_Work required_
Write out only the lines from the start of the entries up to and including the line with "Pug dog with"; please skip the pictures.

** Opening Dataset entries block **

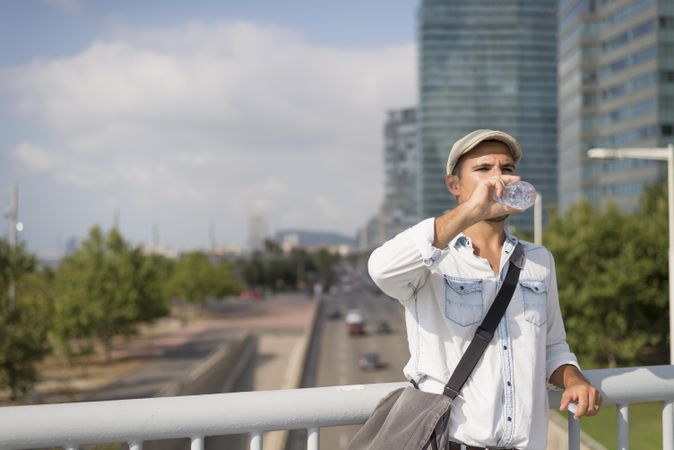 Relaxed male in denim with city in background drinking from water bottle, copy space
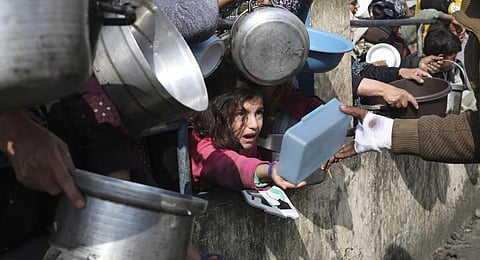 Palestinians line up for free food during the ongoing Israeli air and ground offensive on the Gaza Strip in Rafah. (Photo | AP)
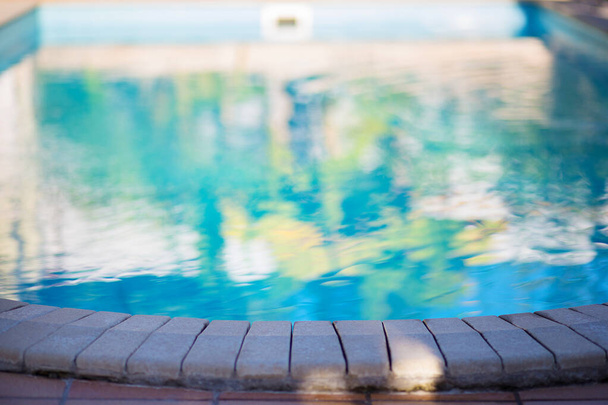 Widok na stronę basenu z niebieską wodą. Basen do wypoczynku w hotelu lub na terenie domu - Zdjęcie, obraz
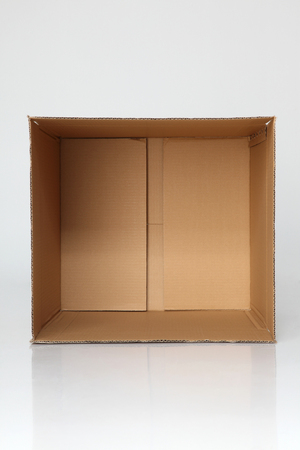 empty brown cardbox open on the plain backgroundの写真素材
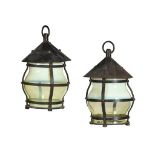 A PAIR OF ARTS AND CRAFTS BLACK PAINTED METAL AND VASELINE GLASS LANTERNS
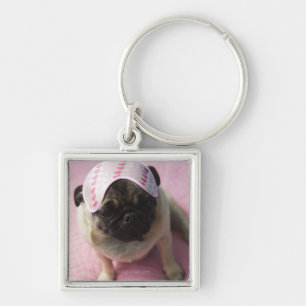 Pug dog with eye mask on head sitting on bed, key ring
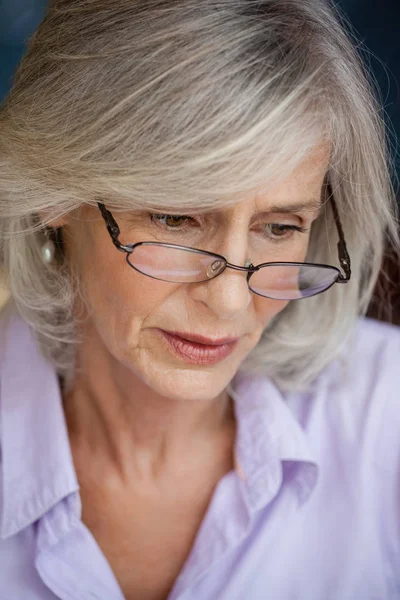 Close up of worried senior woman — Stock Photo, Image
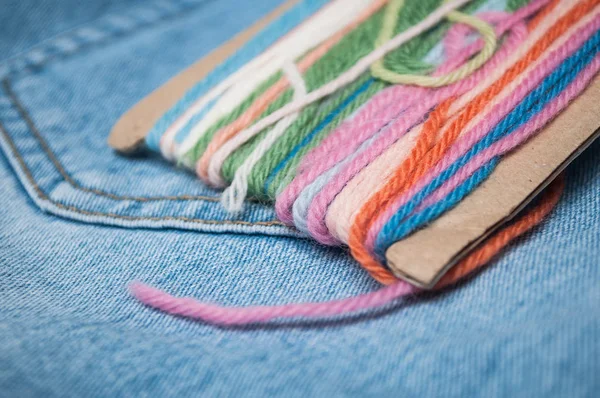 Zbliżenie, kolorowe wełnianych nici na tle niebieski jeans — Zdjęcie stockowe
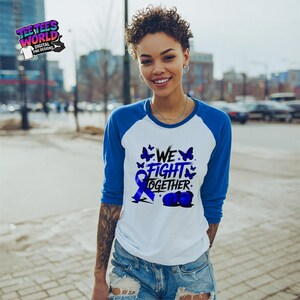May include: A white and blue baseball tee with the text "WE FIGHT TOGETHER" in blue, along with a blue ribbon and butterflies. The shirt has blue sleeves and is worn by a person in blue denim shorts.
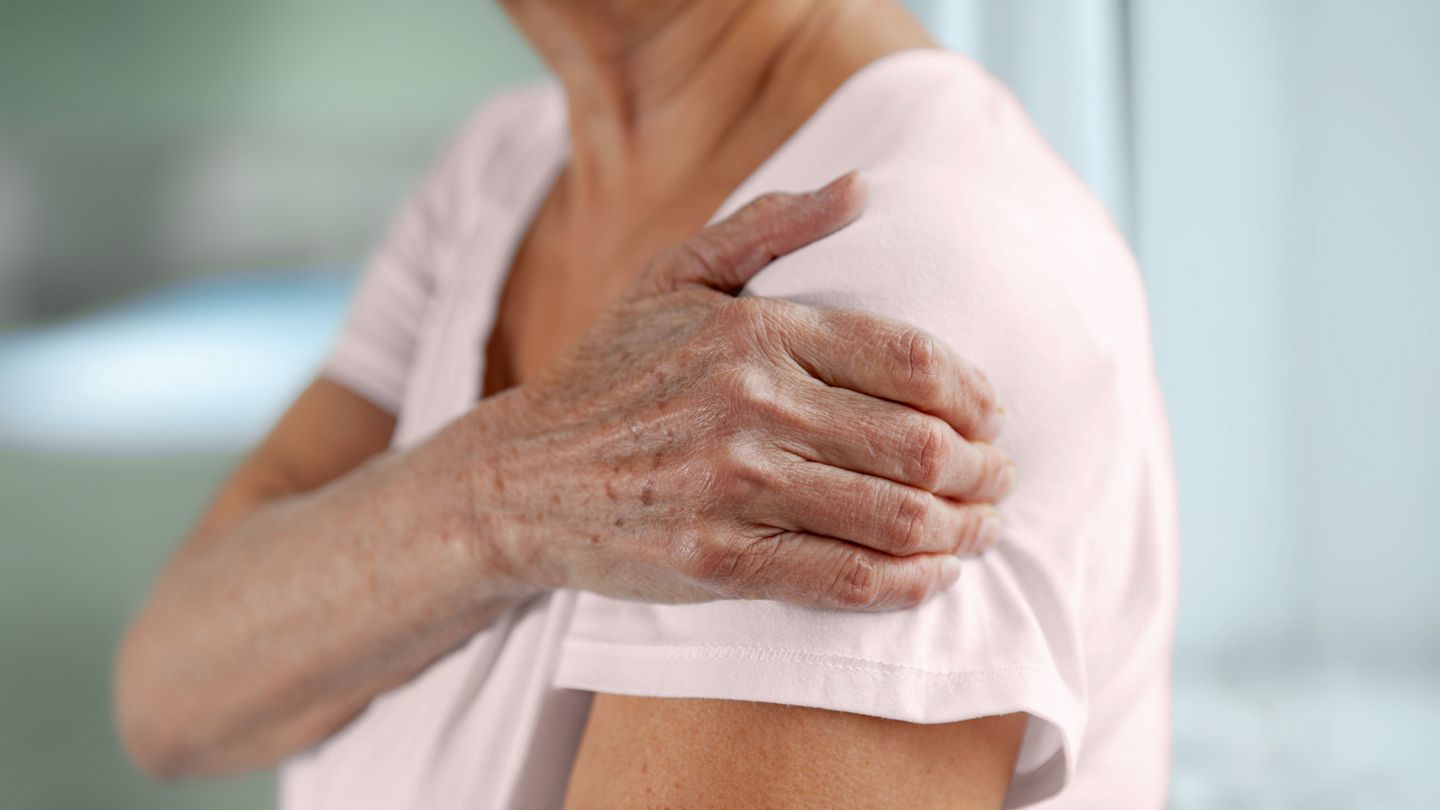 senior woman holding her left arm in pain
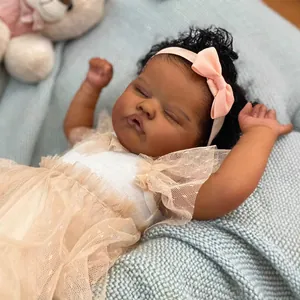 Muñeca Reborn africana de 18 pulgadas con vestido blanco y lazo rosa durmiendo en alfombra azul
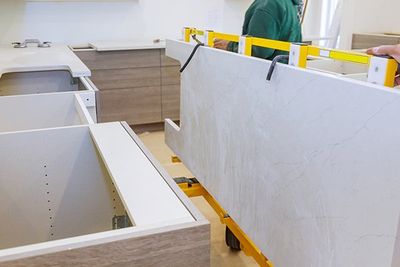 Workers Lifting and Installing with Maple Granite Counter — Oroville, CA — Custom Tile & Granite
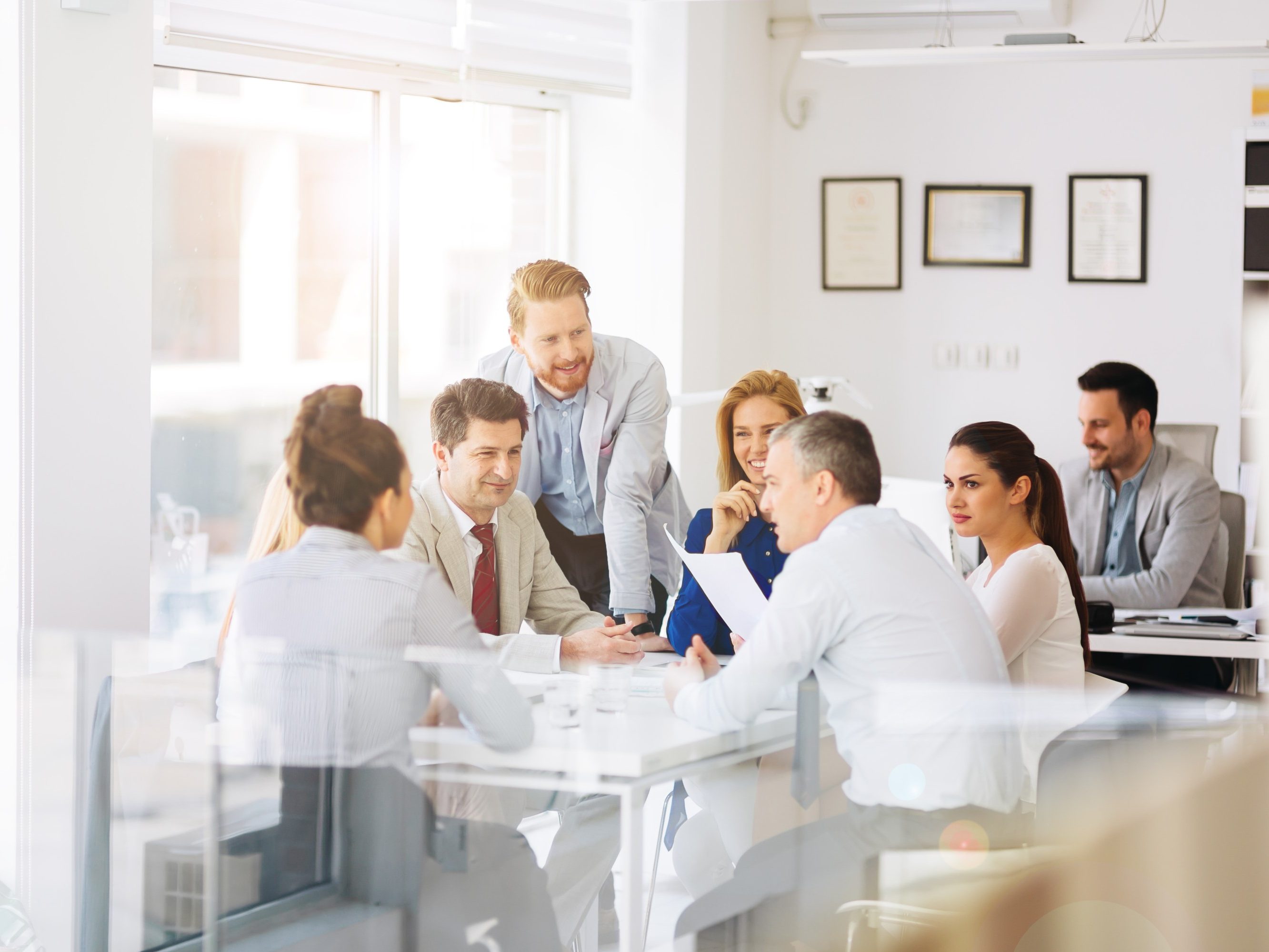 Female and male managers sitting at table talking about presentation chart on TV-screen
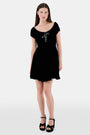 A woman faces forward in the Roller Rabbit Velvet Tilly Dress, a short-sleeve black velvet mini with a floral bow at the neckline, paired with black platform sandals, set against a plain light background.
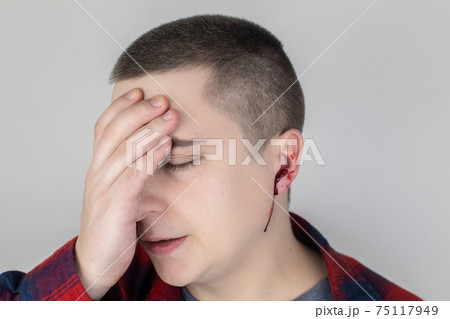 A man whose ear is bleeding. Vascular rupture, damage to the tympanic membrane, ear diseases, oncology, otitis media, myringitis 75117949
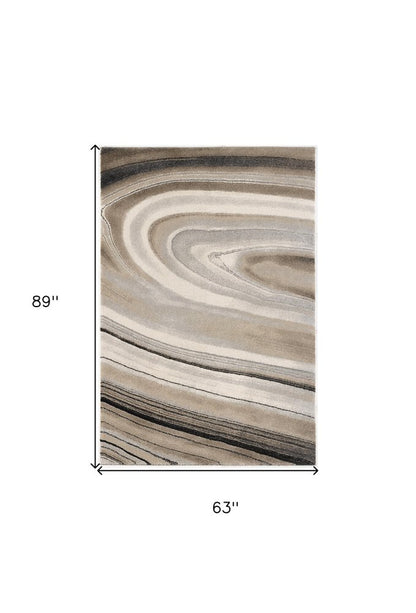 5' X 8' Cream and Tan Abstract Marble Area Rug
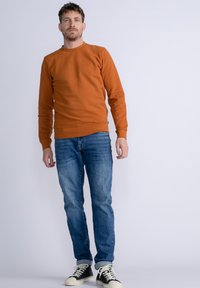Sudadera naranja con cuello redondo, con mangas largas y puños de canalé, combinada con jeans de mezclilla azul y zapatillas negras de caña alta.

** Closing Dataset entries block **

_Response to this task_
 Relaxed male in denim with city in background drinking from water bottle, copy space
 Palestinians line up for free food during the ongoing Israeli air and ground offensive on the Gaza Strip in Rafah. (Photo | AP)
 Widok na stronę basenu z niebieską wodą. Basen do wypoczynku w hotelu lub na terenie domu - Zdjęcie, obraz
 empty brown cardbox open on the plain backgroundの写真素材
 A PAIR OF ARTS AND CRAFTS BLACK PAINTED METAL AND VASELINE GLASS LANTERNS
 Pug dog with eye mask on head sitting on bed, key ring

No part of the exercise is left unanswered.